Marta ist für den Frauenfußball das, was Messi für die Männer ist. Eine Ikone des Sports. Nun erfuhr sie eine Demütigung. Und zeigte trotzdem ihre Größe.

Aus Brisbane berichtet Christoph Cöln.

Brasiliens Nummer 10 saß auf der Ersatzbank und schaute dem Geschehen auf dem Rasen fassungslos zu. Es lief die vierte Minute der Nachspielzeit im Spiel der Brasilianerinnen gegen Jamaika bei dieser Weltmeisterschaft der Frauen. Die Anzeigetafel zeigte ein torloses Unentschieden. Es war gleichbedeutend mit dem Aus der großen Fußballnation Brasilien. Und zugleich das letzte WM-Spiel in der ruhmreichen Karriere Martas.

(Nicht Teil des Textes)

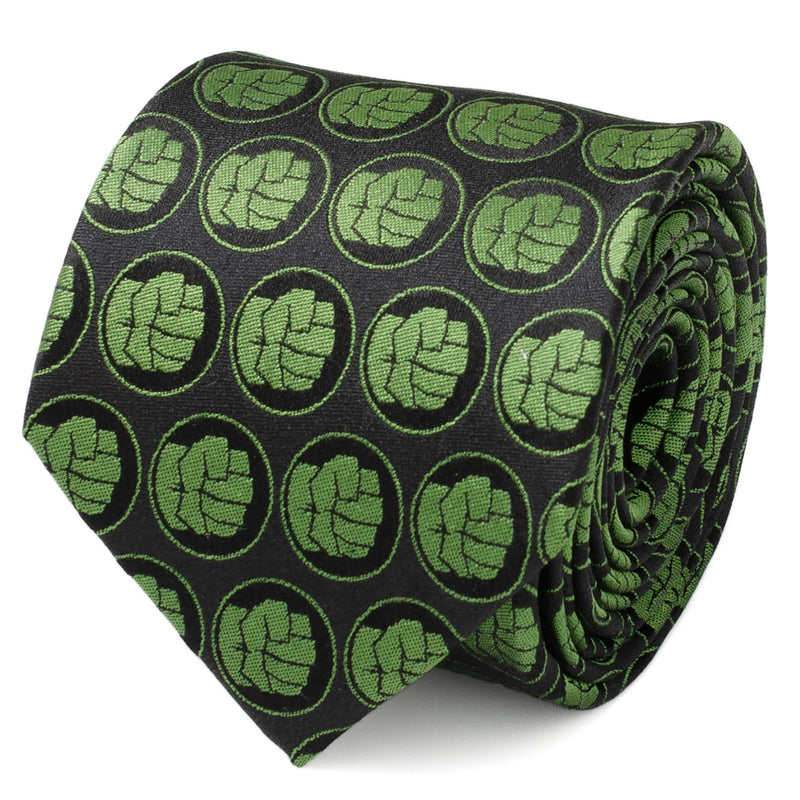 Marvel Hulk Black Men's Tie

Der letzte verzweifelte Angriff der Selecao verpuffte, Debinhas Kopfball wurde von Jamaikas Torfrau entschärft. Dann ertönte der Schlusspfiff. Aus. Vorbei. Brasilien in der Vorrunde gescheitert. Das Gesicht der 37-jährigen Marta war versteinert. Sie starrte minutenlang ins Leere. Auf dem Rasen lagen ihre Mitspielerinnen, einige weinten. Marta blieb sitzen. Ohne Regung.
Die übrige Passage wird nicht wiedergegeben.